(Beginning of SOURCE MATERIAL)

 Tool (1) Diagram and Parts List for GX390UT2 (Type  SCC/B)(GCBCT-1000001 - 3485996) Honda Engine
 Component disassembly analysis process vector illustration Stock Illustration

(End of SOURCE MATERIAL)
(Beginning of SOURCE MATERIAL)

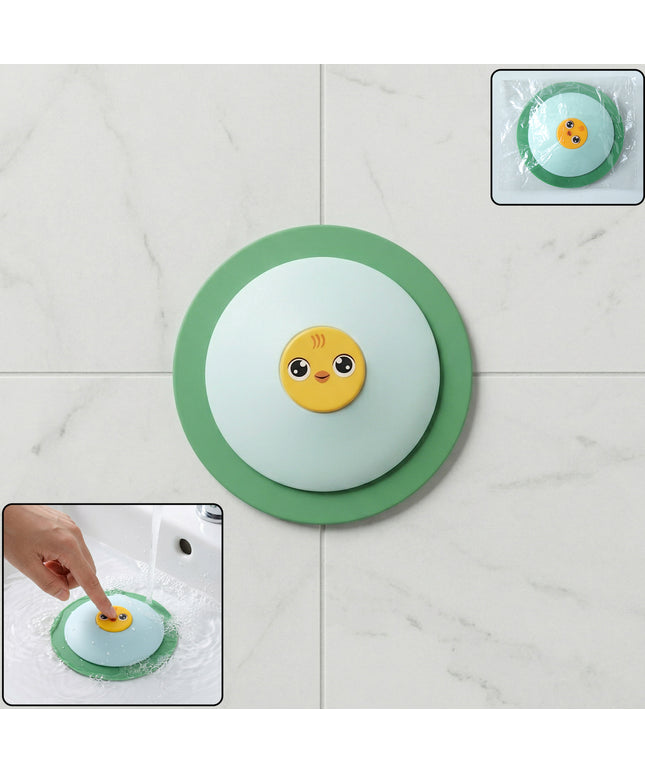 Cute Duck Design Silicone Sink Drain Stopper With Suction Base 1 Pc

(End of SOURCE MATERIAL)
(Beginning of SOURCE MATERIAL)

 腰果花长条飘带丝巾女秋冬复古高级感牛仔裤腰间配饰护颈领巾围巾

(End of SOURCE MATERIAL)

_WHAT THE TASK ASKS_
Everything from the line with "Tool (1) Diagram" through the line with "Component disassembly analysis" in the listing above must be retyped exactly, with nothing added.

_RESPONSE TO THE EXERCISE_
 Tool (1) Diagram and Parts List for GX390UT2 (Type  SCC/B)(GCBCT-1000001 - 3485996) Honda Engine
 Component disassembly analysis process vector illustration Stock Illustration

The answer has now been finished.